Here’s a true story you might not often hear: Smart regulations are creating conditions favoring small businesses, a cornerstone of America’s economy — while also bringing better-than-average-paying jobs.
For proof, one needs to look no further than to the rapidly growing methane mitigation industry. It’s going strong, ready to ramp up work with proven solutions in the wake of the Environmental Protection Agency’s recently-announced methane rules.
“Nearly 60 percent of the companies in our burgeoning methane mitigation industry are small businesses, the growth engine of the American economy,” my colleagues Ben Ratner and Sean Wright write on our Energy Exchange blog. “The median wage of over $30/hour is more than 50 percent greater than the nation’s average.”
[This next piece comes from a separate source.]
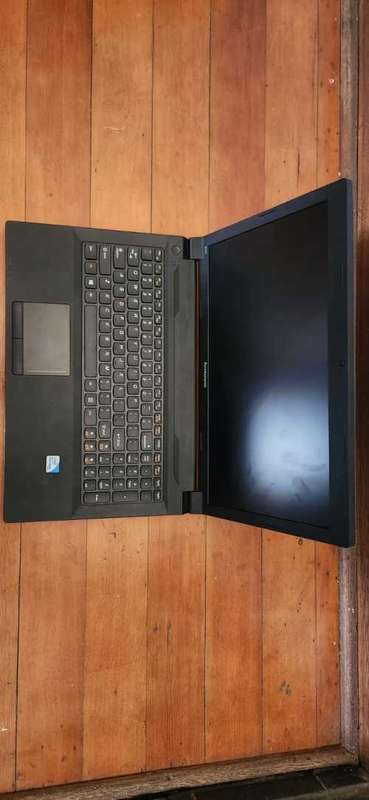 Lenovo B590 model 20206 - cracked display, no hdd or ram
That’s high-paying work for addressing a high-impact greenhouse gas. Methane is 84 times more potent than carbon dioxide in the short term. So addressing leaks in the oil and gas supply chain is necessary to turn the corner on climate change.
That mitigating these leaks creates economic opportunity in addition to climate benefits is among the many reasons support for EPA’s regulations is strong.
Environmental Defense Fund earlier this year commissioned a report to analyze the methane mitigation landscape and the findings, which Ben and Sean reference above, are staggering. The report highlights a robust and diverse industry, with more than 75 companies present at more than 500 locations across 46 states.
Consider the experience of Rebellion Photonics, Wall Street Journal’s 2013 “Startup of the Year.”
Reducing the oil and gas industry’s methane emissions is an “urgent energy-waste and climate issue,” noted Rebellion’s Chief Executive Officer Allison Lami Sawyer when the new rules were released. Her company has developed camera technology that helps companies quickly find and repair leaks.
Business and job growth via methane mitigation is just one of the many positive outcomes of methane regulations. The new rules also help gas development achieve maximum environmental and economic benefits.
It helps explain why investors representing an impressive $1.5 trillion are already on board.